“Consider how the wildflowers grow: They don’t labor or spin thread. Yet I tell you, not even Solomon in all his splendor was adorned like one of these! If that’s how God clothes the grass, which is alive today and tomorrow is thrown into the furnace, how much more will He clothe you? You men of little faith! Don’t keep striving for what you should eat and what you should drink, and don’t be anxious. For all these things the nations of the world eagerly seek; but your Father knows that you need these things. But seek His kingdom, and these things will be added to you. Do not be afraid, little flock, for your Father has chosen gladly to give you the kingdom.

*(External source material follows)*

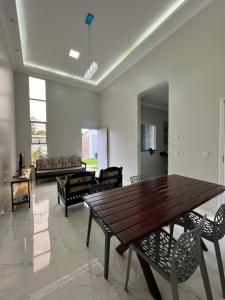 a living room with a wooden table and chairs at Xodó de Casa, Paracuru in Paracuru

Sell your possessions and give to the poor. Make money-bags for yourselves that won’t grow old, an inexhaustible treasure in heaven, where no thief comes near and no moth destroys. For where your treasure is, there your heart will be also.
Worry is disbelief in disguise. When we worry about anything we are in practice saying that we do not believe God will handle the situation. Yet God promises repeatedly in Scriptures to do what is best for us and for his glory. False teaching abounds, even in the world of Christianity, that twists this to mean that God will bless us materially and give us everything we think we need. Pray the right prayers, be faithful, and you will have comfort on earth. In fact, in John 16:33 Jesus warns his disciples, "I have told you all this so that you may have peace in me. Here on earth you will have many trials and sorrows. But take heart, because I have overcome the world."
A simple glance over the trials the disciples experienced - arrest, scorn, beatings, torture, and death - shows us that even those who most closely follow Christ are not promised a life of ease. Many Christians in history as well as modern times lose all they have, even their own lives, for their steadfast faith in the gospel. But even when we hunger, lack clothing, or face the end of our lives, God uses all circumstances for his glory and to refine us into the image of Christ. Seek his kingdom, and your true needs will be met.
I am very into the whole foods, non-GMO movement. I spend lots of time researching what my family should and should not eat, especially in light of my husband's health problems. Although I do believe that to some extent this is important, there are many times when I worry and obsess over all the data out there. Although I do not worry about from where the money will come for our next meal, I can easily fall into worry about what kinds of things we will eat. Worry tends to creep up on you unannounced but instantly removes your eyes from God's kingdom.
In our human propensity to make our gods in our own image, we tend to water down the words of Jesus or consider allegorical the ones that seem too harsh. Jesus tells his listeners, "Sell your possessions and give to the poor". Yet like the rich fool in the previous passage, we box up our possessions and give them to the attic.
We have a system with the children's clothes at our house. If they are outgrown and perfectly spotless, we hang them for a consignment sale. The ones that are stained or worn go into a donation bag. Once my daughter asked, "We are giving these clothes to the people who can get stains out better than us, right?" Ouch, this is not the message I want to send.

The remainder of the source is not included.